The day before our big meeting with Barb.  We spent the majority of the day cleaning our house from top to bottom, despite encouragement from friends who’ve been down this road before that having a spotless house isn’t a huge issue.  I am nervous, and am struggling with fears: “What if we’re not good enough for adoption?  We’re certainly not perfect, but – oh, my – we have such love for our kiddos and a great desire to work out what is best for them, even now.  Will we be good enough?”  I run to my gracious Father: “God, I need You.  I thank you that in Christ, I am found worthy.  His righteousness, I wear.  Forever and ever. ”  “God, I thank You that You are with me, and are equipping me to be a godly mother to my children.” “God, I need You.  I need You now as I wrestle with fear and doubt, I need you tomorrow as I meet with Barb, and I need you always.”

Monday, June 23

Butterflies filled my stomach as I worked through the morning.  Left work shortly before noon to prepare for our 1 o’clock appointment.  Nervous.  Timothy and I prayed before our meeting, and agreed that I should do the individual interview first to get it out of the way!

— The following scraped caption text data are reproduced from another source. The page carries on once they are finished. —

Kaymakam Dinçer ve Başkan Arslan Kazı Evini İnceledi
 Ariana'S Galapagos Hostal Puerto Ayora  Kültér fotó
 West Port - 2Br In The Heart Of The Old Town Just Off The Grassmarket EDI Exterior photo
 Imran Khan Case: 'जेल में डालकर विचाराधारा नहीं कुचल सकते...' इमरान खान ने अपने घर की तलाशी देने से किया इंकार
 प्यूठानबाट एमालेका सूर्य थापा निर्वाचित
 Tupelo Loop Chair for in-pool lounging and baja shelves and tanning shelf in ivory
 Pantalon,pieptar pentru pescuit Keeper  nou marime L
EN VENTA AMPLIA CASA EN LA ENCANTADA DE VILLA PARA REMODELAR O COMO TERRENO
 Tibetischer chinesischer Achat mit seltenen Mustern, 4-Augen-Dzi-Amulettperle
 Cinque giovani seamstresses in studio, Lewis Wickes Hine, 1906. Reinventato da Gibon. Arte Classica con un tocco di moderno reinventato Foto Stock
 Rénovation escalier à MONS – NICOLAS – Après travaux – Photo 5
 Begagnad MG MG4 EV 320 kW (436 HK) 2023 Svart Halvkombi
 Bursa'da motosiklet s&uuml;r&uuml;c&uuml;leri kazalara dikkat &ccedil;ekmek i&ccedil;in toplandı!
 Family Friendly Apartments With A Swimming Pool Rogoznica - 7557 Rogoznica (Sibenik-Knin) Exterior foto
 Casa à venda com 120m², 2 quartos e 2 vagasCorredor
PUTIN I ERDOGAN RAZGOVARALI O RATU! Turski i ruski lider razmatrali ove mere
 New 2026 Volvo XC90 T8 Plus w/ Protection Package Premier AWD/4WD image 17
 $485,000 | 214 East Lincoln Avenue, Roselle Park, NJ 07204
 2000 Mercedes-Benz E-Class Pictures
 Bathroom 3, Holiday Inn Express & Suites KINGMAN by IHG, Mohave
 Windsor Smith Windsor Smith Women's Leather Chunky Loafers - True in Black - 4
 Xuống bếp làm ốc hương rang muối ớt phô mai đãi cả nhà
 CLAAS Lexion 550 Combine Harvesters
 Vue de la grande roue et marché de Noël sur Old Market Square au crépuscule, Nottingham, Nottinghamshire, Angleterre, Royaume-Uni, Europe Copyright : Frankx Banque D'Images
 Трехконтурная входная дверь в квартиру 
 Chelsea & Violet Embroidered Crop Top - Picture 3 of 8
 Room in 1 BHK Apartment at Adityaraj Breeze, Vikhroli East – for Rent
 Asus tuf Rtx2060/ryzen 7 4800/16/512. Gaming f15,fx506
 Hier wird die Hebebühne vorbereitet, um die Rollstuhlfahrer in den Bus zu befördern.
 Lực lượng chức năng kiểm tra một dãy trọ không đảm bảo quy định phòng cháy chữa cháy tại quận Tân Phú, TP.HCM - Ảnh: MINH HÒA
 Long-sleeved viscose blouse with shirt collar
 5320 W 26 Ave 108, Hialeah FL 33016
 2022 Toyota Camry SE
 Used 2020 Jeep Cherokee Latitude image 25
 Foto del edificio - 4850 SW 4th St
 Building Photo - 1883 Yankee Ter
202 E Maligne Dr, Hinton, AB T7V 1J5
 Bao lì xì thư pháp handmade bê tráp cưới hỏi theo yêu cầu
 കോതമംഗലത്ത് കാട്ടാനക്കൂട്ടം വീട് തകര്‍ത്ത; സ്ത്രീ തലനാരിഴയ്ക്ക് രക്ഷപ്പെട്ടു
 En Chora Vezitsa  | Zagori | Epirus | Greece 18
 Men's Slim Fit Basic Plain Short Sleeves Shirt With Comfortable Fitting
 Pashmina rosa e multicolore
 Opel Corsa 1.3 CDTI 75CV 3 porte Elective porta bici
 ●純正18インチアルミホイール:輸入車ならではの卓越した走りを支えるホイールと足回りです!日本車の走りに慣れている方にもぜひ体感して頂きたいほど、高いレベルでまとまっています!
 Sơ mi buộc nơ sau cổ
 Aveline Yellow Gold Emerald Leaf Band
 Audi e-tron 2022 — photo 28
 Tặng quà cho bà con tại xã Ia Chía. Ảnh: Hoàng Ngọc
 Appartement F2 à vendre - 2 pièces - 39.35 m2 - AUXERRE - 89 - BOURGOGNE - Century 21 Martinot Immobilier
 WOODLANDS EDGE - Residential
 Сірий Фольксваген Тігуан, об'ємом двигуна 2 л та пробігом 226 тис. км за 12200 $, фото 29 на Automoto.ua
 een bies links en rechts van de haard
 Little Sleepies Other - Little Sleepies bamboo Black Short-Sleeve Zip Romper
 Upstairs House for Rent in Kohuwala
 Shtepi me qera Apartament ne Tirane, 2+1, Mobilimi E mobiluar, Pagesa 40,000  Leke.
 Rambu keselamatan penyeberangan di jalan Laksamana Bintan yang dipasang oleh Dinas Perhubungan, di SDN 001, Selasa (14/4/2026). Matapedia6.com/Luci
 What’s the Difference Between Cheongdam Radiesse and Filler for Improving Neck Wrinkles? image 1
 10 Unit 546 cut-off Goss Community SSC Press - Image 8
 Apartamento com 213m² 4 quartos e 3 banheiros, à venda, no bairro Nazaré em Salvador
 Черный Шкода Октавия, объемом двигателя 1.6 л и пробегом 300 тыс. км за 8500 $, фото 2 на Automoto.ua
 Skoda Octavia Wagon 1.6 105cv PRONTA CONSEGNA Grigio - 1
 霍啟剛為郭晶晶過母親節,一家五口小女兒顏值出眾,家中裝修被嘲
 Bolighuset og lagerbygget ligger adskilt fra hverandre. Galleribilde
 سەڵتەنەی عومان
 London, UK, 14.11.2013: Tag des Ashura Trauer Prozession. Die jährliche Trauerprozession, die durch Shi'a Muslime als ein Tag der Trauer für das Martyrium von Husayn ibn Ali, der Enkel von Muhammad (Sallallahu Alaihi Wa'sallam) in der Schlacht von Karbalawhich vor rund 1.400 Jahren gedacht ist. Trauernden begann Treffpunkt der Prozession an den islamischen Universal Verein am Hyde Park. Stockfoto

Adoption Update: Kurtz Family Adoption
before our meeting. nervous!

My meeting with Barb went smashingly. 🙂  It was so incredibly good, in fact, to talk about my life, my story.  God gave me peace as I shared the ups and downs of my childhood, as well as past mistakes that I feared would deem me as “unsuitable” to be a mom.  Fears were relieved, and in its place is a great amount of excitement as we await the next – and final – home study meeting in two weeks!  {Tim’s interview went well, also, and it segued into a smooth and painlesss joint interview before the home safety check (which also went well!).}

Adoption Update: Kurtz Family adoption
after our meeting. feeling relieved!

While we are both relieved to have the largest portion of the home study complete, this brings with it a dose of reality as we finalize a few documents and wrap up this portion of the adoption process.  Our lives are changing, and before we know it, we will have children.  This is at once thrilling and terrifying!  Will you keep us, and especially our children,  in your prayers?  Pray for His peace as we make our way to the very long waiting stage of this process.  Pray for wisdom as we continue to learn about adoptive parenting and many of the issues that our children might face once they are home with us.  Pray for His protection and care over them, and that He will bring us together in His timing.

Thank you for partnering with us in this journey, friends.  We look forward to sharing more updates with you as we continue to progress through the adoption to bring home our babes!